Pulling Teeth se sert de ses compositions aux formats expéditifs pour donner une succession de balayettes à qui les écoute. Déjà fortement influencée par le death et le thrash metal tout en étant capable de sortir de nulle part des mélodies enjôleuses (une formule qui trouvera son plein développement sur le testamentaire
Funerary), la troupe menée par Mike Riley se sert de ses atouts pour constamment mettre au sol la tête la première, les breaks multiples et accélérations ravageuses ne manquant jamais. Il faut s'être pris la montée en violence soudaine de « Clipped Wings », les paroles vomies de « With Avarice » (« Too much is never enough ! ») ou la beauté inattendue des leads du morceau-titre pour comprendre comment les Ricains, sans jamais s'appesantir dans le pathos, paraissent rendre des comptes à chaque instant, déversant leur bile à l'aide d'une production dure et tapageuse mais laissant champ-libre à la voix sadique de leur frontman (une des meilleures du hardcore).

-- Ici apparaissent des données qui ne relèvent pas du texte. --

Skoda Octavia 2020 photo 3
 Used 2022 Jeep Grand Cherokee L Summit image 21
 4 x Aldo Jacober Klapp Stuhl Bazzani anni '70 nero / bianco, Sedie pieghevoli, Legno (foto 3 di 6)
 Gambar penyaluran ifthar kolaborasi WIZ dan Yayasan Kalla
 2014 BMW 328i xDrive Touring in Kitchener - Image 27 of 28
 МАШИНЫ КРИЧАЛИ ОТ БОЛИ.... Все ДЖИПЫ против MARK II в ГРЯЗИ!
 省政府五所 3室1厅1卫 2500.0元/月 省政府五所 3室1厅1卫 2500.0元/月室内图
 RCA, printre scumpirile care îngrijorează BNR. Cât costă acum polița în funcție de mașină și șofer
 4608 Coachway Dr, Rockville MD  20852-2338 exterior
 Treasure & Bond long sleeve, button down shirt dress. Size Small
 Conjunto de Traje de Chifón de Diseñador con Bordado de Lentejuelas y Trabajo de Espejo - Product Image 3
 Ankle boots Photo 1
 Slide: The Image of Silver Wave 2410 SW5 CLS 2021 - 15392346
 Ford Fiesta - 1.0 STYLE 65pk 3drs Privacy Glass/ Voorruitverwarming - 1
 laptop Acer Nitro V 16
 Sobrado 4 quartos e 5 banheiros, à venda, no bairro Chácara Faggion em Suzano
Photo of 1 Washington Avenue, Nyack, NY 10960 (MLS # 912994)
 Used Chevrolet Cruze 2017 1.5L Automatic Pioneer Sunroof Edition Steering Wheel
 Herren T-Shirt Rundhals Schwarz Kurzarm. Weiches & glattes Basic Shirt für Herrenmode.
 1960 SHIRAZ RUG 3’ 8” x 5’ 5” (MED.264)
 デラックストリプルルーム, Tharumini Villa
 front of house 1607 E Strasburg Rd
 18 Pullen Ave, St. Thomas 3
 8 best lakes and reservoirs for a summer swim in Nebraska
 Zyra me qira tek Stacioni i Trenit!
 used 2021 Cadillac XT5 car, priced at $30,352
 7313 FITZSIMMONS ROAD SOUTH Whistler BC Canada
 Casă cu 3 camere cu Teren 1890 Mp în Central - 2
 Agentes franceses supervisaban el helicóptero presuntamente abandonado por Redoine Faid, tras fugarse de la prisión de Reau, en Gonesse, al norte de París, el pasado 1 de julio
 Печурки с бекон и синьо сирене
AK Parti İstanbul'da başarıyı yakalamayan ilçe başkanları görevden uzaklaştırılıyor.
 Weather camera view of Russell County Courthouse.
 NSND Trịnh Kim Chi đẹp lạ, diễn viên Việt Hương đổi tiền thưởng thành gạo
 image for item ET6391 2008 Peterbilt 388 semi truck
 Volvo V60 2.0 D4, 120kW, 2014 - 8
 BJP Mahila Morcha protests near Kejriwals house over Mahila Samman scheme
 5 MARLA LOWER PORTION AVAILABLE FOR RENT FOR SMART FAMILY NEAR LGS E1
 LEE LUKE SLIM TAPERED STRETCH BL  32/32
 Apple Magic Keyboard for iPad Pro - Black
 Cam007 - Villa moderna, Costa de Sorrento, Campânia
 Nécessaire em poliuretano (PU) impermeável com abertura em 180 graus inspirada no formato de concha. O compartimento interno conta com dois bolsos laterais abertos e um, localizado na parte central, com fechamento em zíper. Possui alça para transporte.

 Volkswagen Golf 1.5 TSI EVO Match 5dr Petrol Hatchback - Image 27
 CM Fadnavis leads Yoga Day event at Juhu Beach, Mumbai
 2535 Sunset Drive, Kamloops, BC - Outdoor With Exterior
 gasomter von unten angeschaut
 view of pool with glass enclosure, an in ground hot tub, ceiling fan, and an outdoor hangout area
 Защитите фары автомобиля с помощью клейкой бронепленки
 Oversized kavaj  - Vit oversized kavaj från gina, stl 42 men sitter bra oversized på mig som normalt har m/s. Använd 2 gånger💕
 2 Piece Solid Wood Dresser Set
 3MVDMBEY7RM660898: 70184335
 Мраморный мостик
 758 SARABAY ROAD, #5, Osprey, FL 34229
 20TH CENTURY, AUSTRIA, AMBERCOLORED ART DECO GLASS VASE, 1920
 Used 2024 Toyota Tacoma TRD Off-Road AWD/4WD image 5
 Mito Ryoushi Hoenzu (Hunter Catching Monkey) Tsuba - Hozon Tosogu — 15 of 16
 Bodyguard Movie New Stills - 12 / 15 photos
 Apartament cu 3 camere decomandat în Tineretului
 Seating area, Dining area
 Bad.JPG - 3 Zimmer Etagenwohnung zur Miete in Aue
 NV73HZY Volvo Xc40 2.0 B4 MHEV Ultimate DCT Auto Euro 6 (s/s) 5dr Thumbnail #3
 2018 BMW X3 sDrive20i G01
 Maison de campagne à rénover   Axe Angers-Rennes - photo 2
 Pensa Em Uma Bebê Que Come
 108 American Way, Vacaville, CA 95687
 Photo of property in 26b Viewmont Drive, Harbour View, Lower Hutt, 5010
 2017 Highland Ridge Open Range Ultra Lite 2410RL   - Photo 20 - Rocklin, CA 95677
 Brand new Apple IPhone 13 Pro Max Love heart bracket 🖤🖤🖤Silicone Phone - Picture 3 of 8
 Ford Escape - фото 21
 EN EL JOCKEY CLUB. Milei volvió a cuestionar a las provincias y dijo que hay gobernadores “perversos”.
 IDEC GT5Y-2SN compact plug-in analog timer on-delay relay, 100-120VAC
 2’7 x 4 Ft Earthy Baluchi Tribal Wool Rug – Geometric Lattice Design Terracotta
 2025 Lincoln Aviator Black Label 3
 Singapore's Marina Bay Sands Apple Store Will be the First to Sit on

Un disque qu'on lance pour son énergie et dont on ressort à chaque fois meurtri. Si
Martyr Immortal est une bête d'efficacité dans ses rouées, il contient cette petite chose terne, foncièrement maladive, qui donne plus envie de le placer aux côtés du
Still Nothing Moves You de Ceremony que d'autres œuvres du hardcore holy terror. Cette violence n'est pas gratuite et si la fameuse « urgence » est présente, elle n'est là que pour mieux déverser sa haine dans des dérapages incontrôlées, sans regarder à droite ou à gauche, dans l'espoir de mettre à mal deux-trois victimes dans l'exercice. À ce titre, « Dismissed in Time » est clairement là où l'objectif premier de Pulling Teeth se révèle le mieux : paraissant tout d'abord inadaptée, celle-ci abandonnant les distorsions au profit d'une musique ambiancée, elle finit par révéler une tristesse intense bien cachée derrière ses arrangements multiples, raffinés. Cette piste, amère et apocalyptique comme les moments les plus posés du
Enemy of the Sun de Neurosis, est finalement la conclusion parfaite de cet ensemble si excellent qu'il fait en demander plus.
Quand on parle hardcore, on cause soit de gros bras, soit de petites frappes, oui, mais on cause surtout de vie.
Martyr Immortal, avec ses bras malingres, ses lèvres sèches et gercées, en est tant rempli que ça lui fait mal. Faites attention aux petits. Un jour, ils se vengeront.